Nous appelons les gouvernements étrangers et les organisations internationales à mettre en œuvre tous les efforts possibles pour obtenir la libération des militants de la défense des droits de l’homme biélorusses et de tous les détenus politiques au Belarus.

Signataires

  • Centre de Défense des Droits humains « Memorial »
  • Centre d’information et d’analyse « Sova »
  • Comité contre la torture
  • Comité « Coopération citoyenne »
  • Centre de Coopération pour la protection juridique internationale
  • Association Internationale d’histoire et d’éducation, de secours et de défense des droits «  Memorial »

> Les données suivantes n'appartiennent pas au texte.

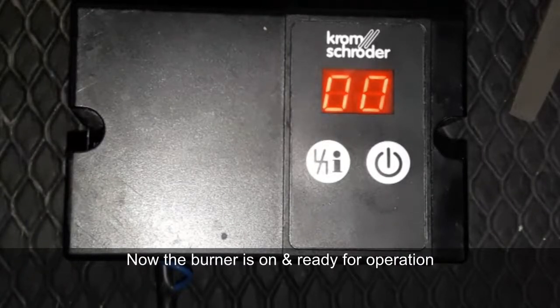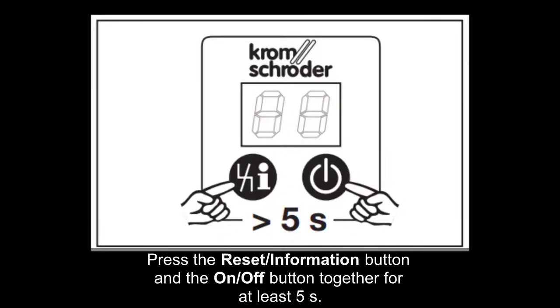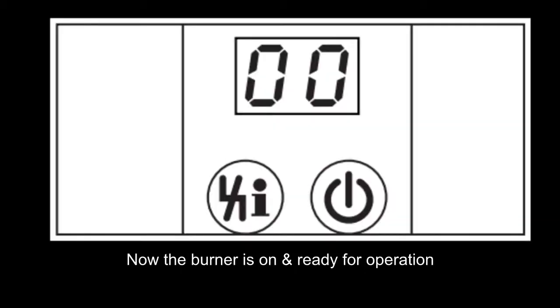Here is a demo showing how to solve this problem. Press both buttons together for at least five seconds, and then the controller is ready for operation — it shows zero zero, which means it's ready for operation.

  • Leonide Agafonov, projet de défense des droits de l’homme « Femme, prison, société ».
  • Olga Alexeïeva, militante de la défense des droits de l’homme
  • Boris Altchouler, Président du Comité Directeur de l’Organisation régionale « Les droits de l’enfant », membre du Groupe d’Helsinki de Moscou
  • Galina Arapova, Centre de défense des droits des medias
  • Svetlana Astrakhantseva, Directrice exécutive du Groupe d’Helsinki de Moscou
  • Viatcheslav Bakhmine, co-président du Groupe d’Helsinki de Moscou
  • Valeri Borchtchev, co-président du Groupe d’Helsinki de Moscou
  • Ilya Chablinski, membre du  Groupe d’Helsinki de Moscou
  • Elena Chakhova, Présidente de l’Association « Contrôle citoyen » de Saint Pétersbourg
  • Youri Djibladze, Centre pour le développement de la démocratie et des droits de l’homme
  • Grigori Dournovo, OVD-Info
  • Natalia Evdokimova, Conseil de défense des droits de l’homme de Saint Pétersbourg 
  • Svetlana Gannouchkina, Présidente du Comité « Coopération citoyenne », Membre du conseil du Centre « Memorial », Membre du comité de direction de l’Association « Memorial international »
  • Alexeï Golovane, Directeur du Centre « Destins communs », membre du Groupe d’Helsinki de Moscou
  • Andreï Kalikh, militant de la défense des droits de l’homme
  • Sviatoslav Khromenkov, Président de l’association « Sibérie sans tortures »
  • Youri Kostanov, membre du Groupe d’Helsinki de Moscou
  • Maria Kravtchenko, collaboratrice du Centre « Sova »
  • Evguenia Litvinova, Conseil de défense des droits de l’homme de Saint Pétersbourg
  • Sergueï Loukachevski, Directeur exécutif du Centre Sakharov
  • Dmitri Makarov, membre du Groupe d’Helsinki de Moscou
  • Asmik Novikova, Directrice des programmes de recherche de la Fondation « Verdict social »
  • Oleg Orlov, membre du Conseil du Centre « Memorial », membre du Comité de direction de l’Association «  Memorial international », membre du Comité de direction de la Fondation « Verdict social »
  • Inga Pagava, Fondation « Verdict social »
  • Anatoli Papp, collaborateur de la Fondation « Verdict social »
  • Oxana Paramonova, Présidente de l’organisation « Les mères des soldats » de Saint Pétersbourg
  • Alexander Petrov, membre du Groupe d’Helsinki de Moscou
  • Ella Poliakova, militante de la défense des droits de l’homme
  • Yan Ratchinski, Président du comité de direction de « Memorial International »
  • Natalia Taoubina, Directrice de la Fondation « Verdict social »
  • Valentina Tcherevatenko, Présidente du Conseil de la Fondation « Les femmes du Don »
  • Alexander Tcherkassov, Président du conseil du Centre « Memorial »
  • Alexander Verkhovski, directeur du Centre d’information et d’analyse « Sova »
  • Svetlana Yablonskaya, psychologue des situations de crise, Directrice des programmes psychologiques de la Fondation « Verdict social »
  • Natalia Youdina, collaboratrice du Centre « Sova ».